▶ DATASET ENTRIES
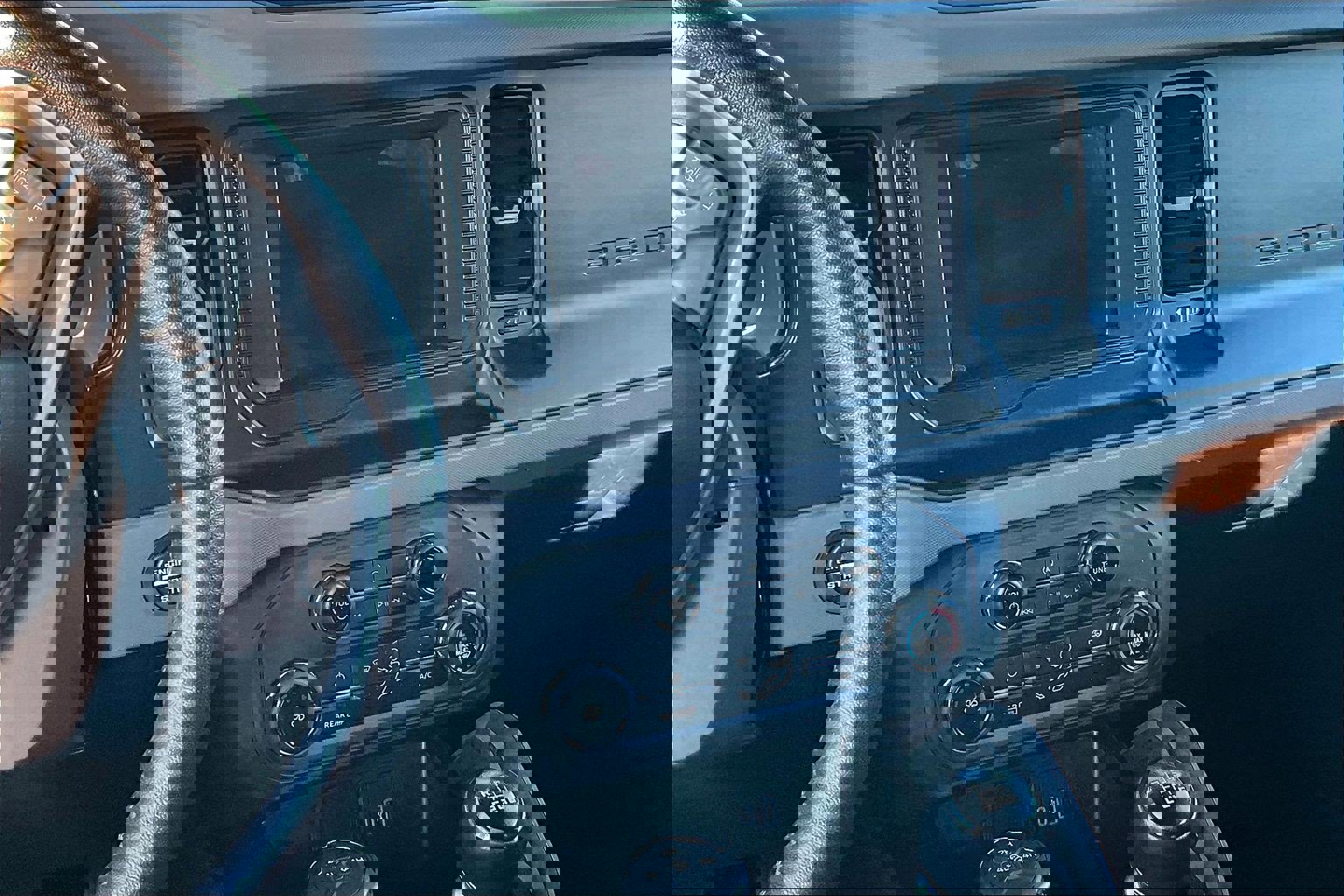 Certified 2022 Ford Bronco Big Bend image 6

...

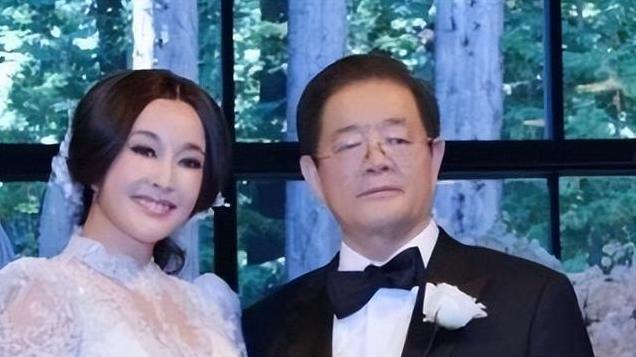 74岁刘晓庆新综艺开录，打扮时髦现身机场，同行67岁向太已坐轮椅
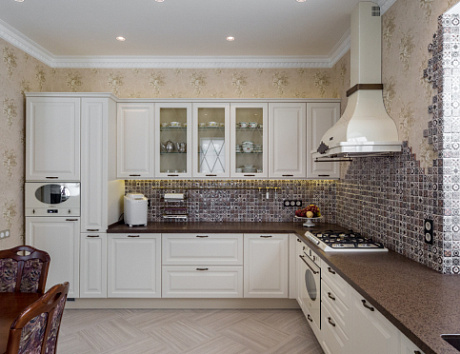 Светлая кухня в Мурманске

▶ WORK TO BE COMPLETED
Going by the entries above, repeat exactly the lines that start at the line with "74岁刘晓庆新综艺开录，打扮时髦现身机场，同行67岁向太已坐轮椅" and go on through the line with "Светлая кухня в Мурманске". Pictures are not part of the copy.

▶ WRITTEN SOLUTION
 74岁刘晓庆新综艺开录，打扮时髦现身机场，同行67岁向太已坐轮椅
 Светлая кухня в Мурманске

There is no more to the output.